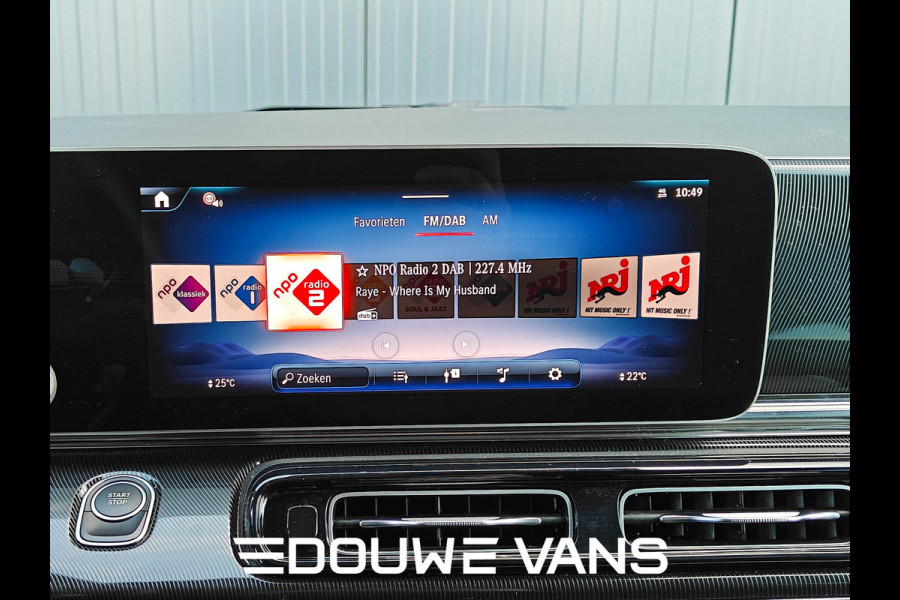 Mercedes-Benz Eqv L2 300 2x Schuifdeur Facelift model 7 Persoons DAB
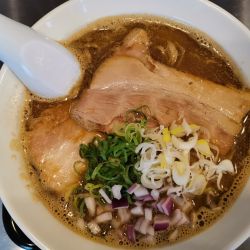 厳選煮干しらーめん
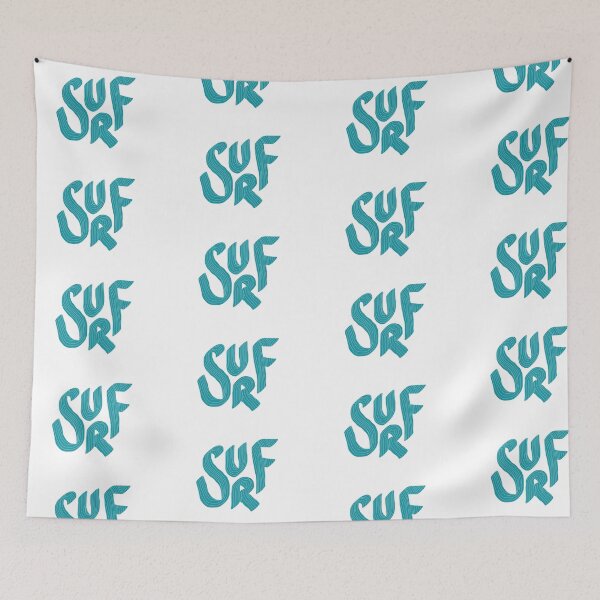 Item preview, Surf surfing tipography  designed and sold by Tropical Blood.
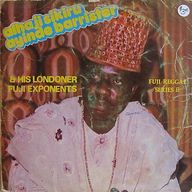 Alhaji Sikiru Ayinde Barrister - Fuji Reggae Series 2 album cover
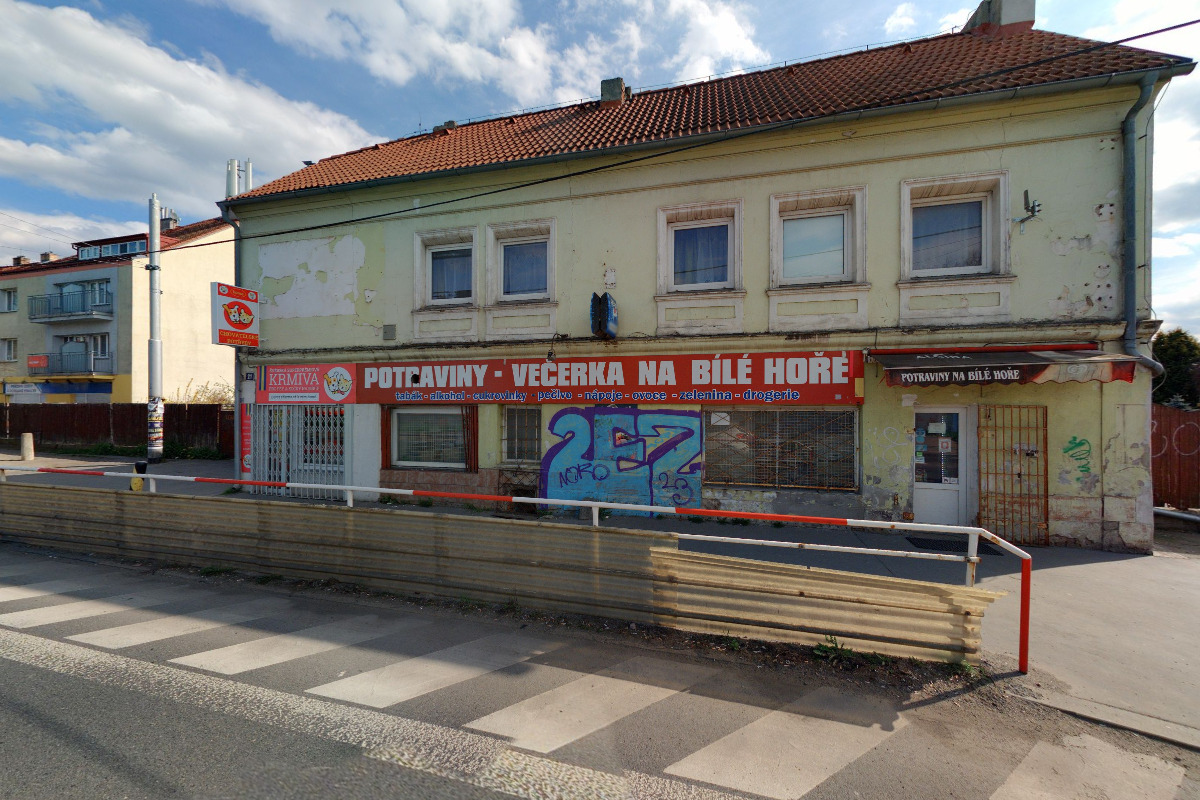Potraviny na Bílé Hoře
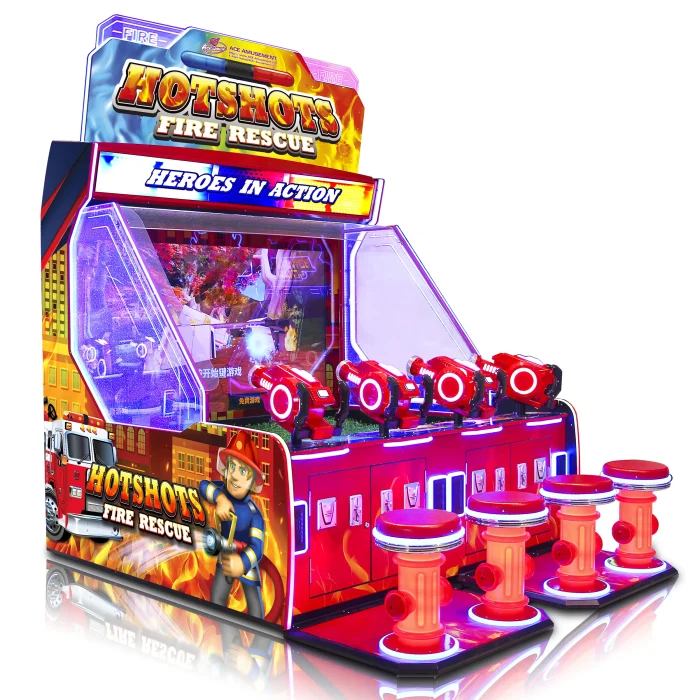 Hotshots Fire Rescue (Water 4PL) - Image 2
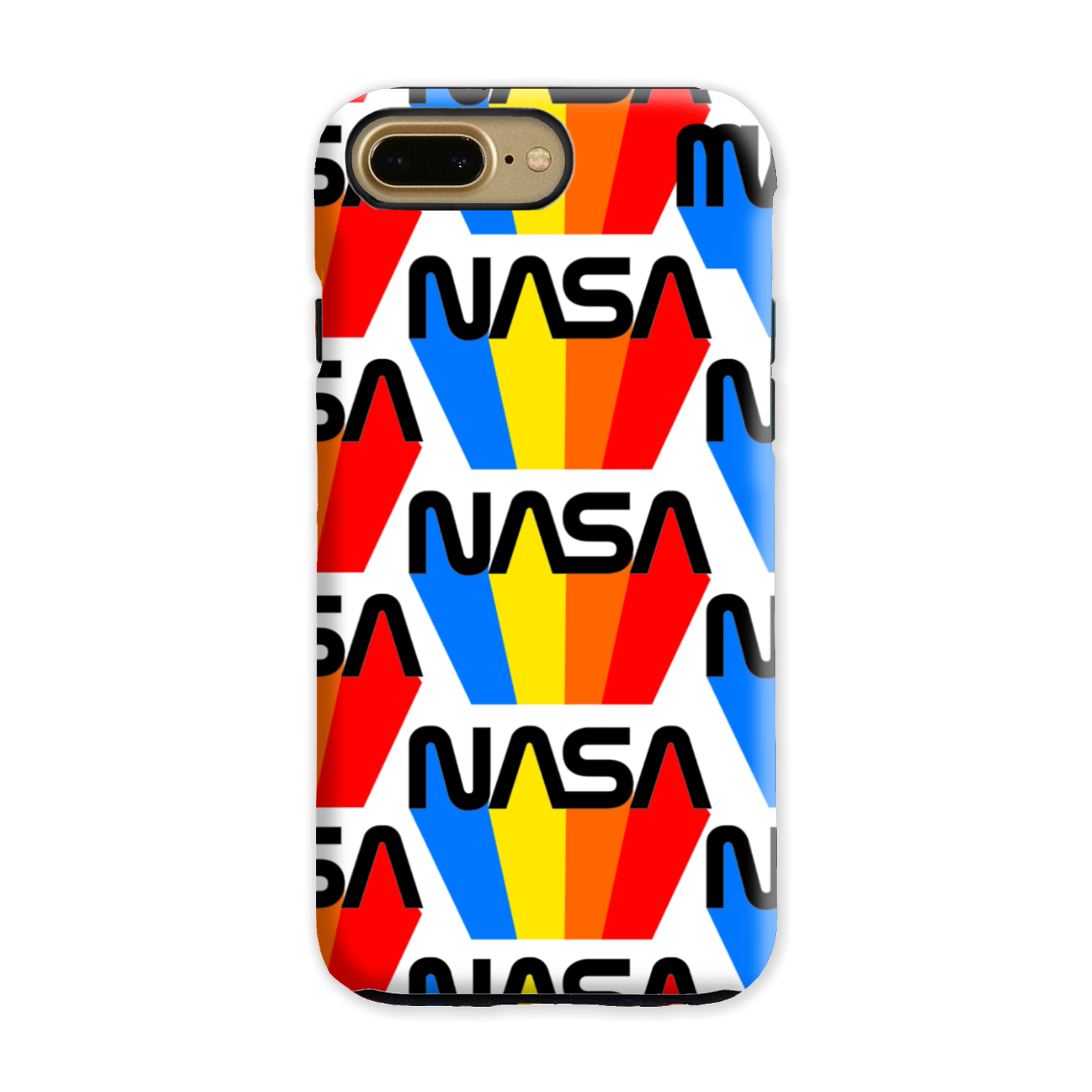 NASA 80's Retro Tough Phone Case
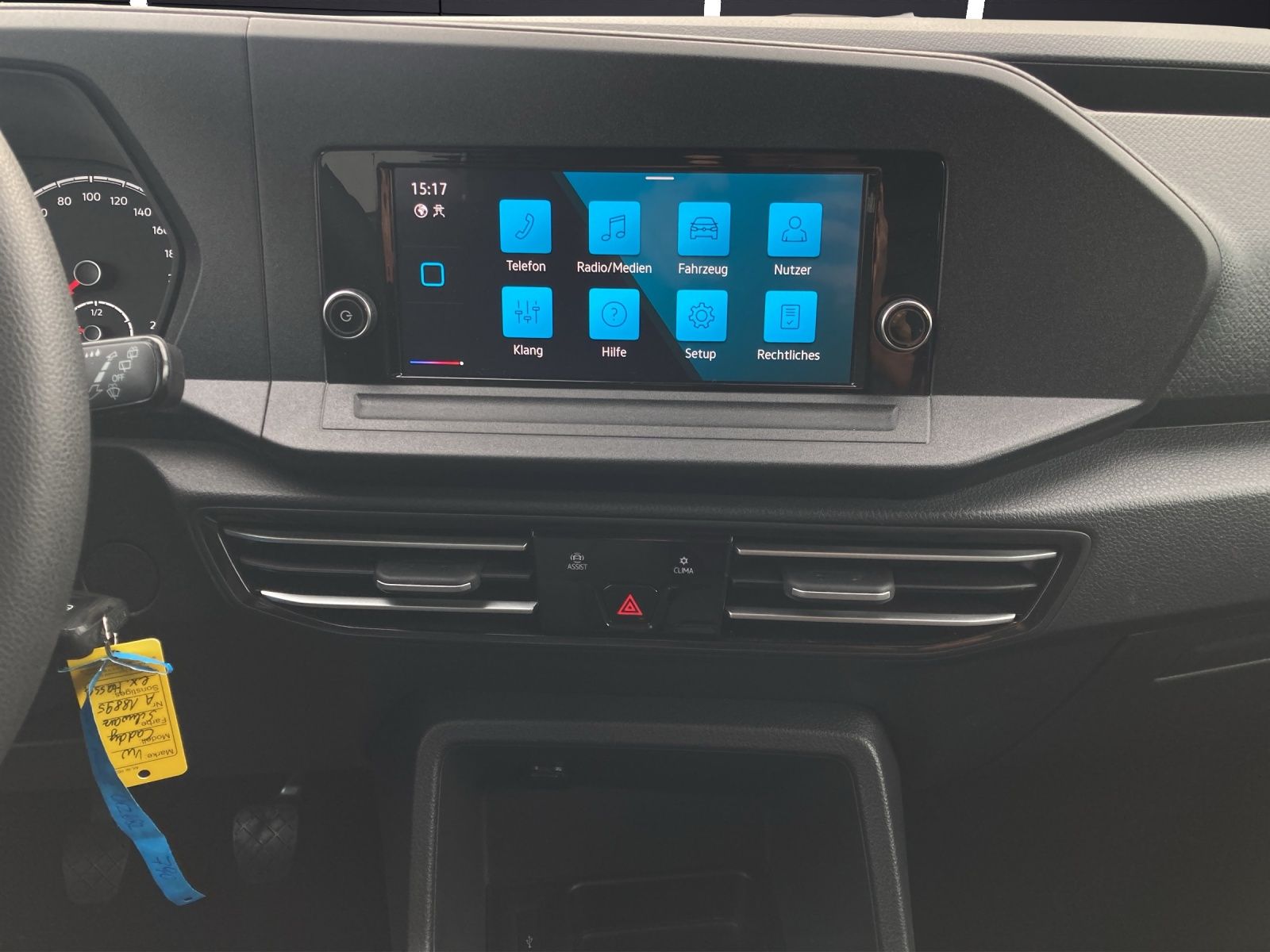 Fahrzeugabbildung Volkswagen Caddy TSI  Life Maxi 7-Si LED GRA LM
+ + +
TASK = Reproduce verbatim the lines of the material above, beginning with its first line and ending with the line that contains "Hotshots Fire Rescue (Water 4PL) - Image 2"; skip pictures.

SOLUTION TO THIS PROBLEM =
 Mercedes-Benz Eqv L2 300 2x Schuifdeur Facelift model 7 Persoons DAB
 厳選煮干しらーめん
 Item preview, Surf surfing tipography  designed and sold by Tropical Blood.
 Alhaji Sikiru Ayinde Barrister - Fuji Reggae Series 2 album cover
Potraviny na Bílé Hoře
 Hotshots Fire Rescue (Water 4PL) - Image 2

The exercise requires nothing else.